_WHAT TO WORK ON_. Your answer should be the full data, transcribed exactly, with no pictures in it.

_DATA PROVIDED_.
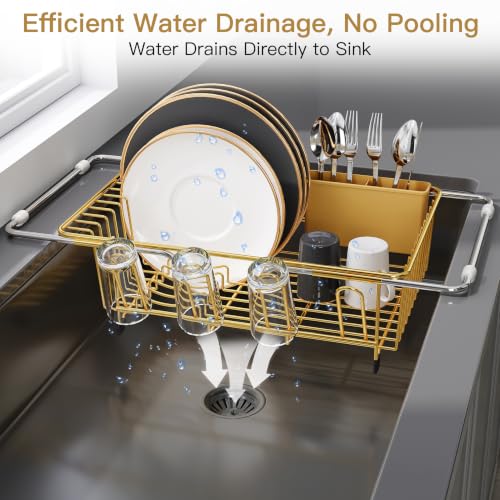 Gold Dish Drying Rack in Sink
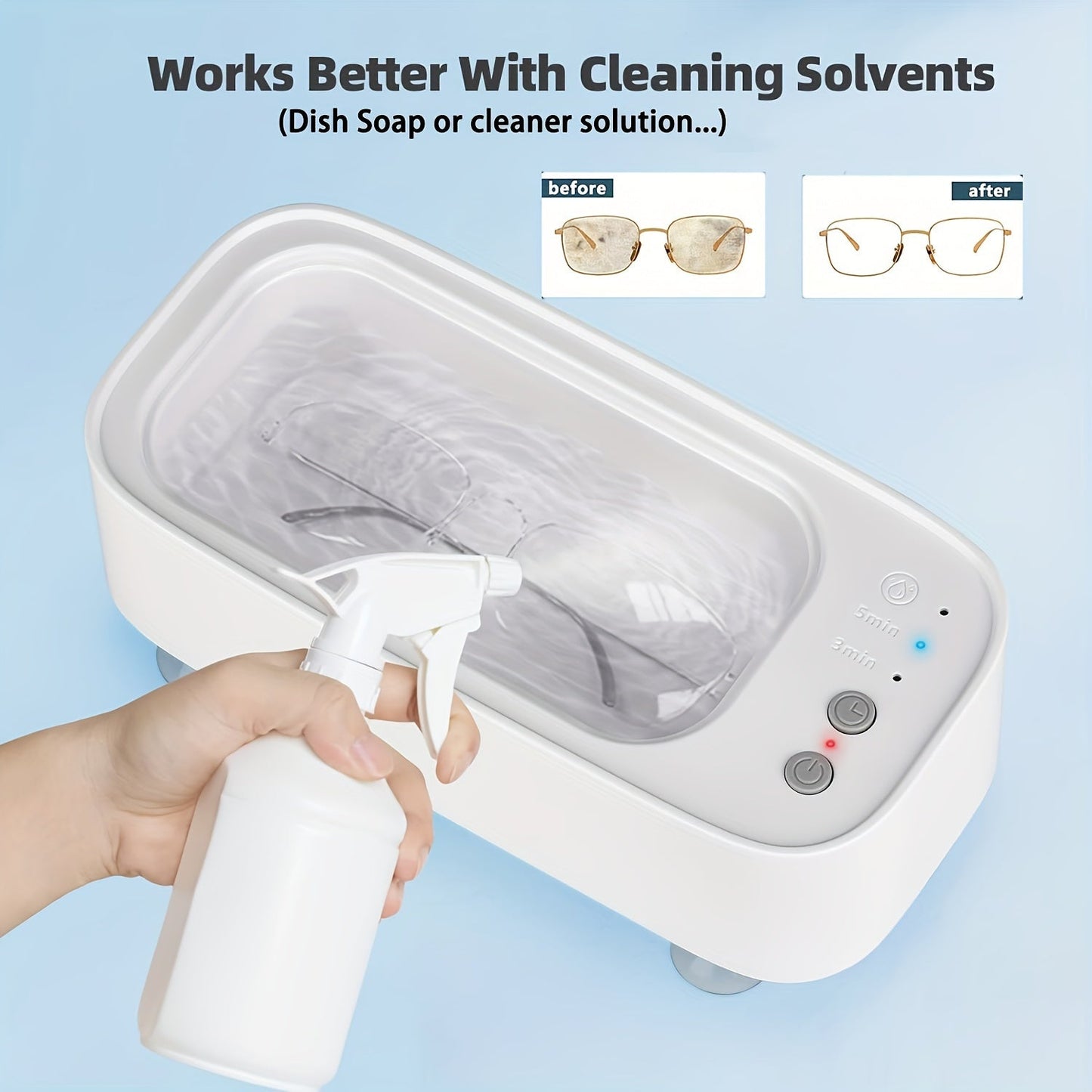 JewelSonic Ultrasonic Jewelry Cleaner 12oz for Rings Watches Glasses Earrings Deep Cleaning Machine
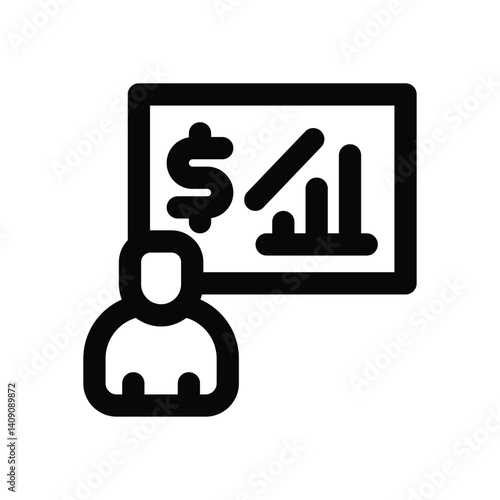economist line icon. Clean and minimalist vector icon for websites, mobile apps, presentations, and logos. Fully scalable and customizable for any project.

_RESPONSE TO THE EXERCISE_.
 Gold Dish Drying Rack in Sink
 JewelSonic Ultrasonic Jewelry Cleaner 12oz for Rings Watches Glasses Earrings Deep Cleaning Machine
economist line icon. Clean and minimalist vector icon for websites, mobile apps, presentations, and logos. Fully scalable and customizable for any project.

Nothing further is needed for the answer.